Cullinan testified in deposition that never had any conversations with Jacobs or any of the Hurleys about
UM coverage prior to the car accident. Hurley testified that he believed that Jacobs took out a policy that provided
blanket coverage to protect him and the employees of Devil Eleven.
Progressive instituted a declaratory action, seeking a judgment that, under Devil Eleven's business auto
insurance policy, Hurley was not entitled to UM coverage for the injuries he sustained in the car accident. Hurley
and Devil Eleven counterclaimed, seeking coverage for those injuries. Hurley and Devil Eleven also filed a third-
party complaint against Coverage Consultants, contending that the broker was negligent for failing to insure that the
policy had UM coverage. Coverage Consultants filed a fourth-party complaint against Jacobs. The third and fourth
party complaints have been resolved.
The Law Division granted summary judgment in favor of Progressive on the basis that Hurley was not
entitled to UM coverage under a commercial auto insurance policy issued in New Jersey by Progressive for injuries
sustained while driving a loaned vehicle involved in an automobile accident with an uninsured motorist in
California. The Appellate Division affirmed the trial court's decision, concluding that Progressive was not required
to provide UM coverage for a borrowed car that was not registered or principally garaged in the State, and that the
Declarations Page of the policy plainly indicated that UM coverage was not provided. The court specifically noted
that item four of the Declarations Page made clear that only liability was covered under the drive other car
category, and that no premium was charged and no coverage provided for UM, UIM, or any other purpose in
respect of the drive other car endorsement.

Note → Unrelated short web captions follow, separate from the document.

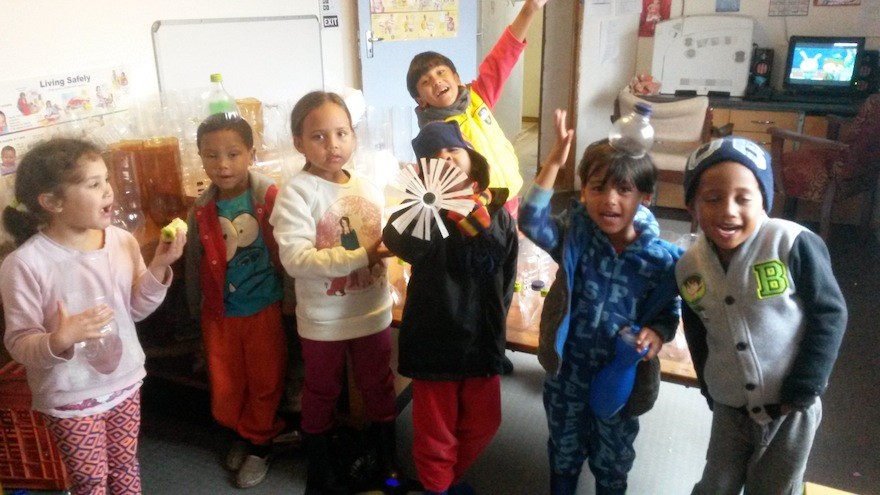 Little People is a centre that caters for children with disabilities such as autism, aspergers and ADHD. On Mandela Day the staff at Little People ran workshops where their children made “buckets of love” hand out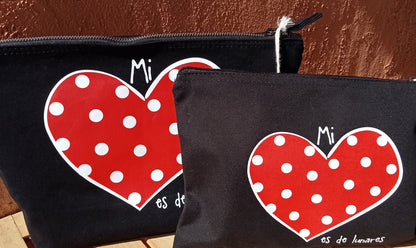 Bolso de Mano "Mi Corazón es de Lunares"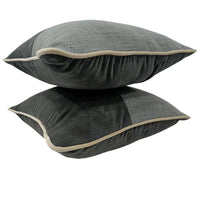 Textured Elegance Pillow Covers (16x16, Set of 2)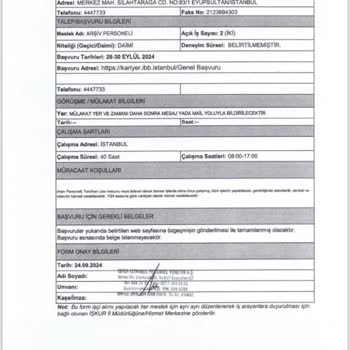 İBB Başvurularında Geri Dönüş Eksikliği Ve Şeffaflık Sorunu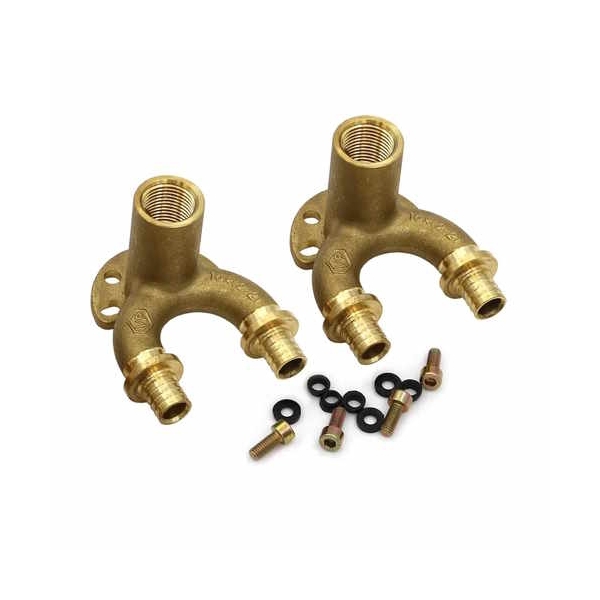 Проточный настенный уголок для труб из сшитого полиэтилена ZL16X2,2-Rp1/2"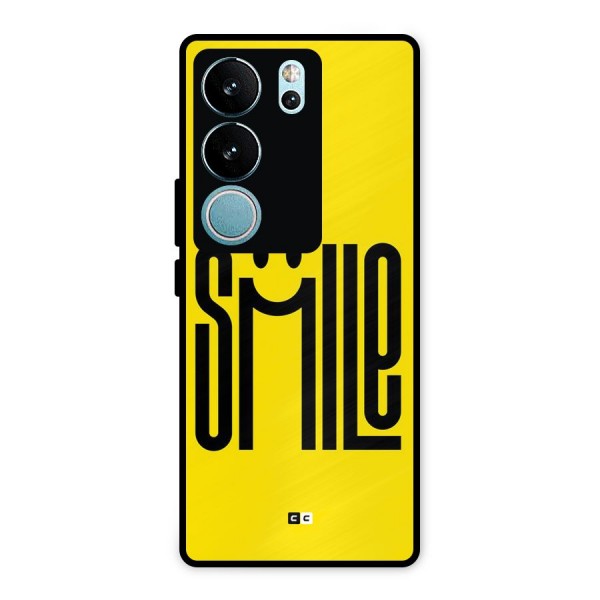 Awesome Smile Metal Back Case for Vivo V29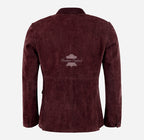 MILANO Men's Suede Blazer Jacket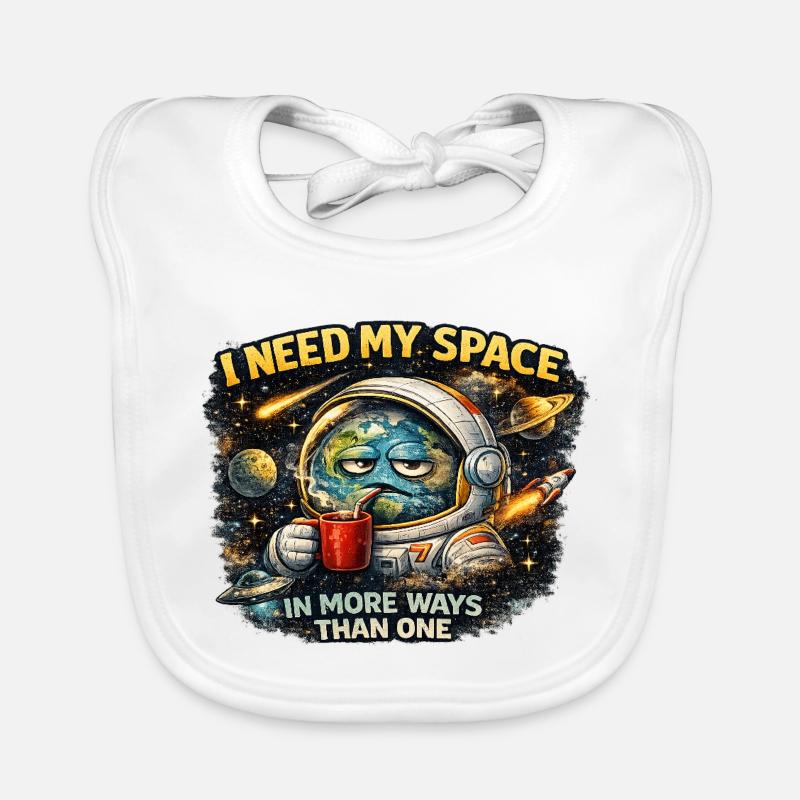 J’ai besoin de mon espace de plus d’un point de vue - Chemise Bavoir bio Bébé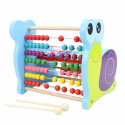 Malowany Las developmental toy Wooden Abacus Snail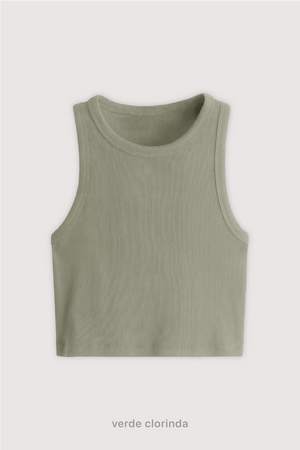 Top Ribb Basic - Verde Clorinda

The Supreme Court granted certification.
HELD: The language in Progressive Insurance Company's business automobile policy specifying that [y]ou and
any family member are insured under a UM endorsement creates an ambiguity that must be interpreted in
favor of the insured.
1. New Jersey courts have not yet addressed the specific issue of whether family oriented language in an auto
insurance policy issued to a corporation renders the policy language ambiguous. Among jurisdictions that have
confronted this issue, a majority hold that business insurance policies extending coverage to family members are not
ambiguous and, therefore, do not provide coverage for relatives or employees. Other cases have held that the
family member language in the business policy does not create an ambiguity and that only the named insured is
entitled to coverage. The minority view considers the policy language ambiguous and, thus, coverage should be
afforded to relatives and employees of the corporation. (Pp. 10-16)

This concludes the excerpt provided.